* _YOUR INSTRUCTIONS_
All that is needed is each line of the entries holding the word "space", copied as it stands.

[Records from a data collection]

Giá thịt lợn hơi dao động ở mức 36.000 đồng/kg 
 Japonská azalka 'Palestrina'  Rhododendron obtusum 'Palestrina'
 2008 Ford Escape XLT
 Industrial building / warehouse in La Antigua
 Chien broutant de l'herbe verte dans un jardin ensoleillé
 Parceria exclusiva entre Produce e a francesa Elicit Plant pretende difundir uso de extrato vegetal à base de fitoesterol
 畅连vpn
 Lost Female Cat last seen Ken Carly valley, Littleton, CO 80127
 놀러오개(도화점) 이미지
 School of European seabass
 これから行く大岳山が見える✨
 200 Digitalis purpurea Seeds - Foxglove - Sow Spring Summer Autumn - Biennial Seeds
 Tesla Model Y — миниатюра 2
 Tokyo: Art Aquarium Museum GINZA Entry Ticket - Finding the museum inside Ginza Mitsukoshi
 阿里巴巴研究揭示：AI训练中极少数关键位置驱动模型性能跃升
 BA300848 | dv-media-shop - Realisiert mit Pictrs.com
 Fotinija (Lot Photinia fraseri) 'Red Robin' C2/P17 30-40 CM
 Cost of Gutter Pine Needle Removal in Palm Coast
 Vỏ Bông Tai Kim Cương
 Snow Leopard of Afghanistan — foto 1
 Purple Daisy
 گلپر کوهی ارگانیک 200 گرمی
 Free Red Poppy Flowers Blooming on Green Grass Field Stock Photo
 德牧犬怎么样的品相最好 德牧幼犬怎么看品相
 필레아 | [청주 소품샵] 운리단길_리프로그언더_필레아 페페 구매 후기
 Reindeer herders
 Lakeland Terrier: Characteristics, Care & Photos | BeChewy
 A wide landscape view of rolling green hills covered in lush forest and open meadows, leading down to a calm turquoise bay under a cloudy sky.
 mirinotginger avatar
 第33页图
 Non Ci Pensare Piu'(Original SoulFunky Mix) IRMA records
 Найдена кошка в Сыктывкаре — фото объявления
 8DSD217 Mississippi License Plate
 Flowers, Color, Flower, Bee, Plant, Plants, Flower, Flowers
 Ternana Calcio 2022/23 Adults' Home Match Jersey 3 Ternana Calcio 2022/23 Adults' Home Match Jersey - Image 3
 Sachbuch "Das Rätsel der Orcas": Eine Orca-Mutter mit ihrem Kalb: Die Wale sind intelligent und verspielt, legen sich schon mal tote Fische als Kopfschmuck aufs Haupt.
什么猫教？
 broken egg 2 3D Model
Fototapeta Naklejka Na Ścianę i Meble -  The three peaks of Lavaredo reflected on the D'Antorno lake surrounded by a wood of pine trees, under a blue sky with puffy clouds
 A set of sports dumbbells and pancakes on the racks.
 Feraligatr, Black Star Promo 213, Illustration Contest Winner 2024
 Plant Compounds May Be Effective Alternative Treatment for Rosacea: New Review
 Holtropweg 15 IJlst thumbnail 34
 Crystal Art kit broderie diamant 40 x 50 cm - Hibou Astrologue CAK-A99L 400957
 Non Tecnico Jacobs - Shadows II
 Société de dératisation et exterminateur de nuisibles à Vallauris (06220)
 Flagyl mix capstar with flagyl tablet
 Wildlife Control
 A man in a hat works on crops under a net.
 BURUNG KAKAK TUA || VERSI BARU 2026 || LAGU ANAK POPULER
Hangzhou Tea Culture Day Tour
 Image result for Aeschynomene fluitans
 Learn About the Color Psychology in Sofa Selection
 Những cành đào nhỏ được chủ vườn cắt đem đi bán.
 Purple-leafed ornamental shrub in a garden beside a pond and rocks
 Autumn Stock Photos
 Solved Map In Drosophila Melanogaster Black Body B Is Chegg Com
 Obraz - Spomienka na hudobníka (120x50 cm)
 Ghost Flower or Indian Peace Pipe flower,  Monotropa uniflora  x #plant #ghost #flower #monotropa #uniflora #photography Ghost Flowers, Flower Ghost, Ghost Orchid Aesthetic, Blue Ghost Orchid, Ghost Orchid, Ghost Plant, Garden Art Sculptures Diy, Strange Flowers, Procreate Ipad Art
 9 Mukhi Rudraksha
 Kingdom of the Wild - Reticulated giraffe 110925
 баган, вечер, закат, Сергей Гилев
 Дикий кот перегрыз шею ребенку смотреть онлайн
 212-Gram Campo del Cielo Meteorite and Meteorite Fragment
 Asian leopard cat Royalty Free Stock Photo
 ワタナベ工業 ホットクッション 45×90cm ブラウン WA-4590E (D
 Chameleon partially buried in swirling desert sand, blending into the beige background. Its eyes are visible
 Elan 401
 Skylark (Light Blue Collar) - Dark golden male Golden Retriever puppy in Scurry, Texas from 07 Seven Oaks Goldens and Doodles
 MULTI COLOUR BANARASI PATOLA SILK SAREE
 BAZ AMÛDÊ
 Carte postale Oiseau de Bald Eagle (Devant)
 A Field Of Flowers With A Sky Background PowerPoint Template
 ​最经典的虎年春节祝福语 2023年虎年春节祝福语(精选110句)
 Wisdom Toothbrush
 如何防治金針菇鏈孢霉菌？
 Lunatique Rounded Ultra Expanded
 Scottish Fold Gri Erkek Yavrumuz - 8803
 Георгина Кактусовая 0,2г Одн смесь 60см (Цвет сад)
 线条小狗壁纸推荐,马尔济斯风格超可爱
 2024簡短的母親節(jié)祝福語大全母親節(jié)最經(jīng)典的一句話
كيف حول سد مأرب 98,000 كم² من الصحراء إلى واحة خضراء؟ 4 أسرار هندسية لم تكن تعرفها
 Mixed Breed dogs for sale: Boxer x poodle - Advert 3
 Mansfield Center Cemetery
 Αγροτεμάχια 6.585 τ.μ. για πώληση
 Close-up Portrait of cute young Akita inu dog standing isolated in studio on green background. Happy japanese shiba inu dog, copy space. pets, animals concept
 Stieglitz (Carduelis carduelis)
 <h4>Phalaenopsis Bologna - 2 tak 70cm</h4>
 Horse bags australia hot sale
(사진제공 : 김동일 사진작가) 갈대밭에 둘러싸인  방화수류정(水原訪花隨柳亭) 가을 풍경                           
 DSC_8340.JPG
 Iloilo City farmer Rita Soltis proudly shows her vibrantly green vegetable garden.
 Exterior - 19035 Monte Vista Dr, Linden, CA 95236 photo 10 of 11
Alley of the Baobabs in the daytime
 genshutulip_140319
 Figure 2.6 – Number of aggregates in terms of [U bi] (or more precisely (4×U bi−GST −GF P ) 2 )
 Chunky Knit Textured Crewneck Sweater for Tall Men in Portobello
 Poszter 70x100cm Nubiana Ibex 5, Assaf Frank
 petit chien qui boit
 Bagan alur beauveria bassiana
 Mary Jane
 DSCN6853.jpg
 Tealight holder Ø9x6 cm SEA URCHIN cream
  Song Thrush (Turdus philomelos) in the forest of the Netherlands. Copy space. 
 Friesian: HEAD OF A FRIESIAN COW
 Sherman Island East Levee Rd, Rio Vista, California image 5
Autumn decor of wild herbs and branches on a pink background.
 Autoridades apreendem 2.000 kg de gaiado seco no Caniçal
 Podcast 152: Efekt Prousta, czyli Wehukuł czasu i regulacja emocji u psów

* _WORKED SOLUTION_
 Close-up Portrait of cute young Akita inu dog standing isolated in studio on green background. Happy japanese shiba inu dog, copy space. pets, animals concept
  Song Thrush (Turdus philomelos) in the forest of the Netherlands. Copy space. 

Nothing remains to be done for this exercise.